___ EXERCISE INPUT ___

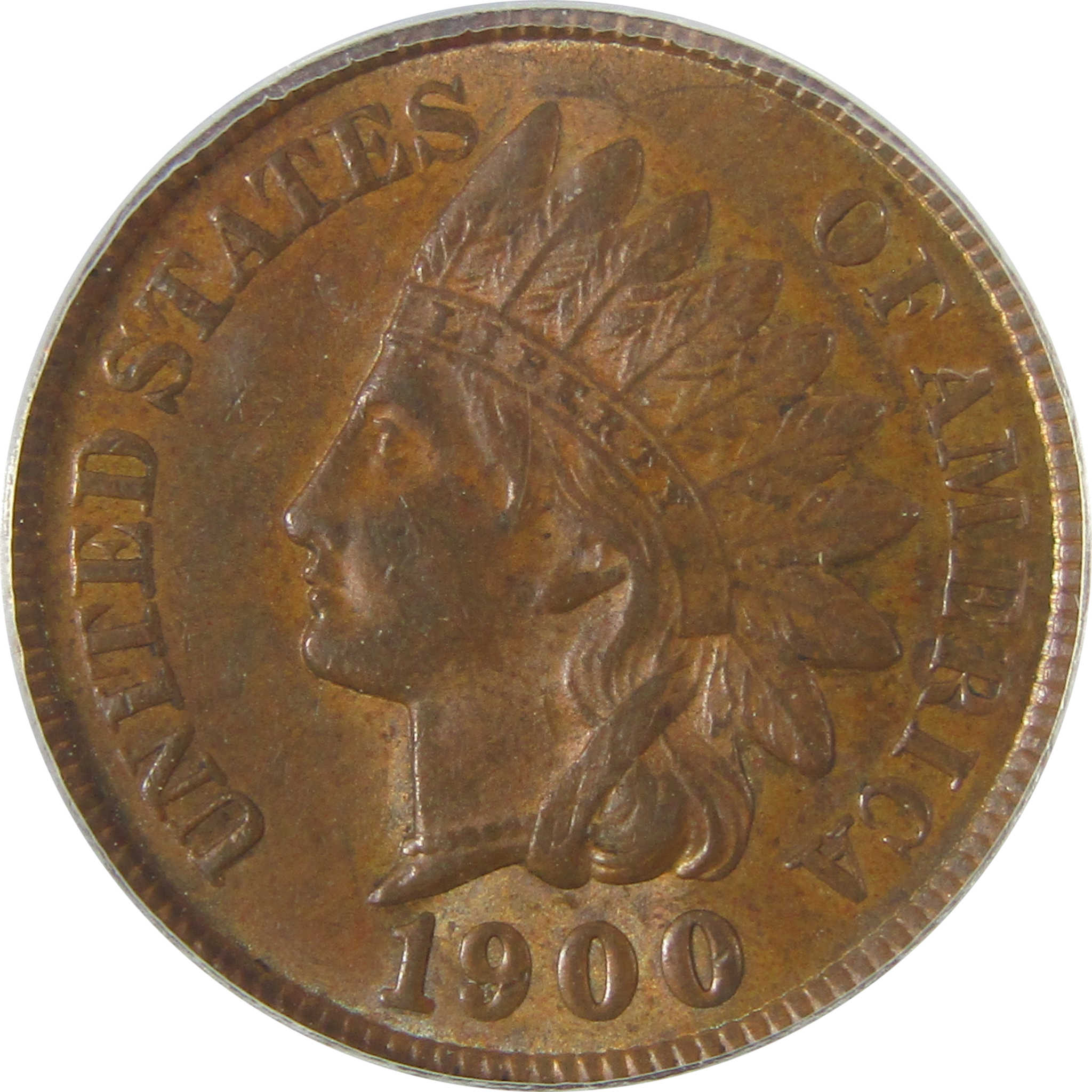 1900 Indian Head Cent MS 62 BN ICG Penny Uncirculated SKU:I22935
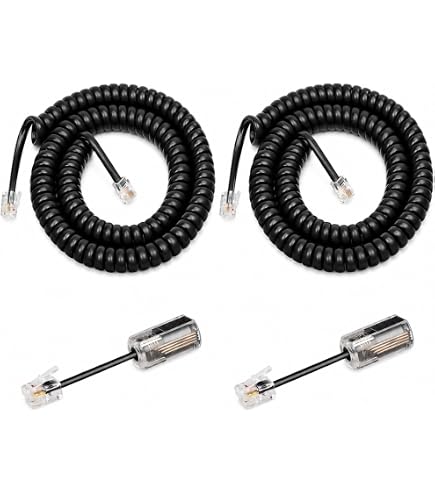 Amazon.com: 5-Pack Black 9Ft Replacment Handset Cord for Panasonic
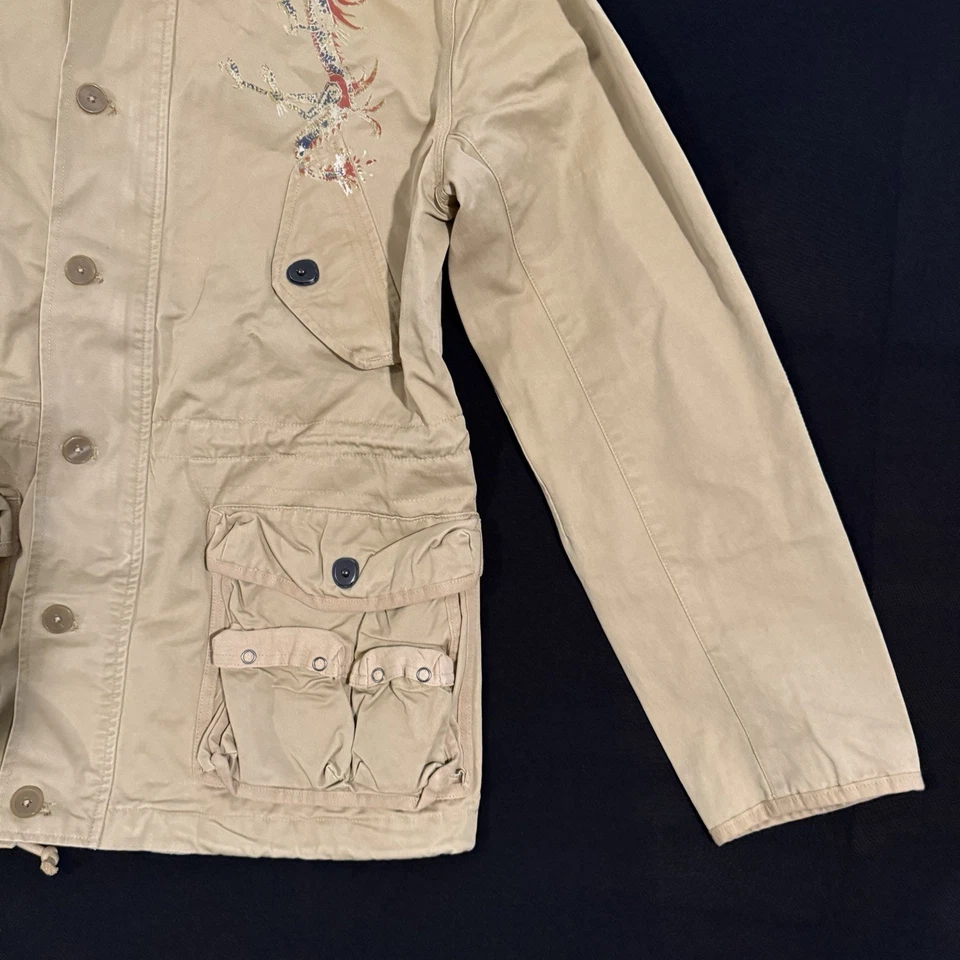 Double RL RRL Ralph Lauren Dragon US Military Field M65 Utility Jacket Coat - Image 4 of 4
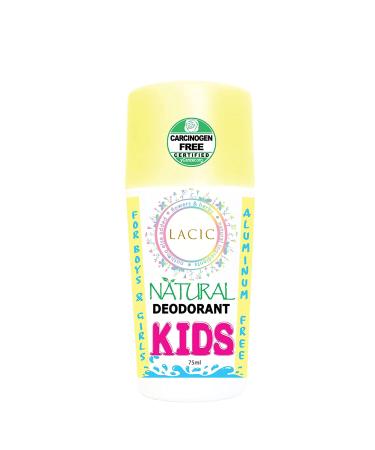 KIDS 100% Natural Organic Healthy Roll On Deodorant for Children Healing Detox Aluminum-Free Carcinogen Free Certified Vegan Paleo Keto Rollon non-toxic no chemicals ORIGINAL - Buy Online on GoSupps.com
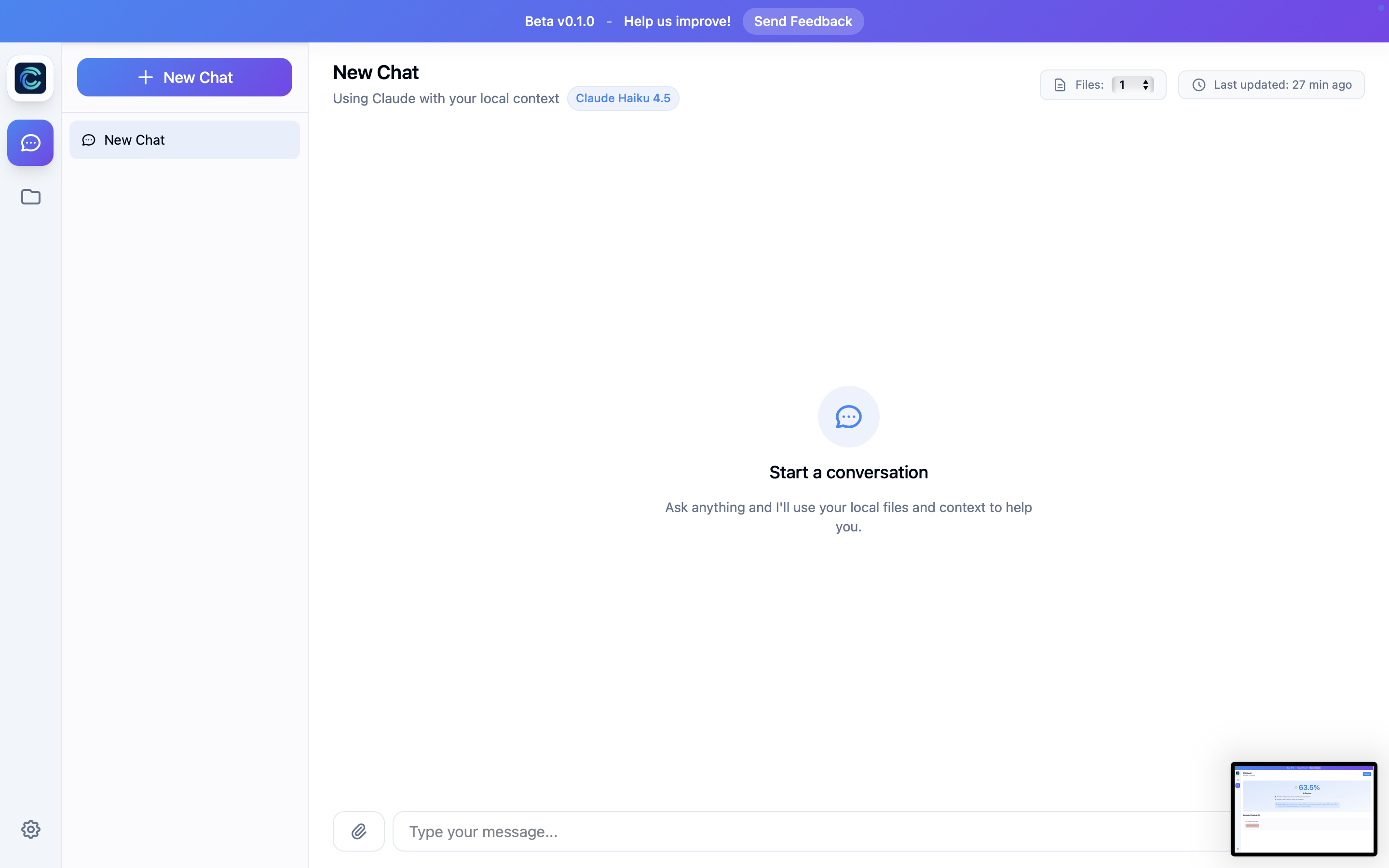 Awaere AI that knows your pc - Screenshot 2 showing product features and functionality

___

▸ WHAT IS EXPECTED:
Everything from the line with "Amazon.com: 5-Pack Black" through the last line of the listing above is to be copied exactly, both ends included, except the pictures.

▸ SOLVED PROBLEM:
 Amazon.com: 5-Pack Black 9Ft Replacment Handset Cord for Panasonic
 Double RL RRL Ralph Lauren Dragon US Military Field M65 Utility Jacket Coat - Image 4 of 4
 KIDS 100% Natural Organic Healthy Roll On Deodorant for Children Healing Detox Aluminum-Free Carcinogen Free Certified Vegan Paleo Keto Rollon non-toxic no chemicals ORIGINAL - Buy Online on GoSupps.com
 Awaere AI that knows your pc - Screenshot 2 showing product features and functionality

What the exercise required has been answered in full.